PF: Do you think, even in Victoria you can turn it around? Do you think it is too late?
LW: When I speak to TAFE directors, existing TAFE directors, I think they’re still committed to a broad role for TAFE. I think TAFE teachers are still committed to a broad role for TAFE. What we’ve seen is that the Victorian government got rid of all the councils and the chairs of the boards of TAFE and installed people who would implement and enforce the government’s policy framework. Now, there is always a natural antipathy between teachers and senior managers and there always will be, because they’re in different positions and different dynamics and I think TAFE managers have always been more focused on the market than the TAFE teachers have been. I think that’s always been the case. But none the less I think that the TAFE managers we’ve got are still committed to that broad role. What’s going to happen when we don’t have them? I think the next ones to go will be the TAFE directors. The government has installed new chairs, but until they get rid of the current TAFE directors they’re not going to get the most compliant types. The government will be looking for generational change in TAFE senior managers. Basically what they’re doing is setting up TAFE to sale.
The other thing is the Adult Community Education (ACE) sector. ACE and TAFE have always had a synergy. Now ACE has taken a pounding. But I think that ACE still has the orientation that’s needed so that’s going to be helpful in the future when it comes time to rebuild. The problem for TAFE is that you can’t just get rid of an institution, and then recreate it.
PF: At the moment we are anticipating the destruction of the institution, but also the destruction of the profession. When we contemplate institutional capacity it’s not just about the bricks and mortar or the classrooms it’s actually about the people in the institution, and the work that they do. It’s about teachers as well.
LW: I think that’s right, but I also think bricks and mortar count. For instance in Queensland…

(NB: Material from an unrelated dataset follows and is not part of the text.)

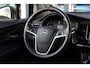 Opel Mokka X 1.4 Turbo Innovation Leer,Navi,Trekhaak,Stoel en Stuur verw.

PF: Yes – you sell the buildings, you’ll never get them back, you will never be able to build it up to the level that it is now.
LW: Yes – it is the bricks and mortar that matter, but also all the other stuff as you say and if we look at tech school, look how hard both the Howard and Gillard and Rudd governments have tried to get Tech Schools back and they just can’t. You can’t recreate them. And it’s the same with the institution of TAFE. You can’t recreate them either.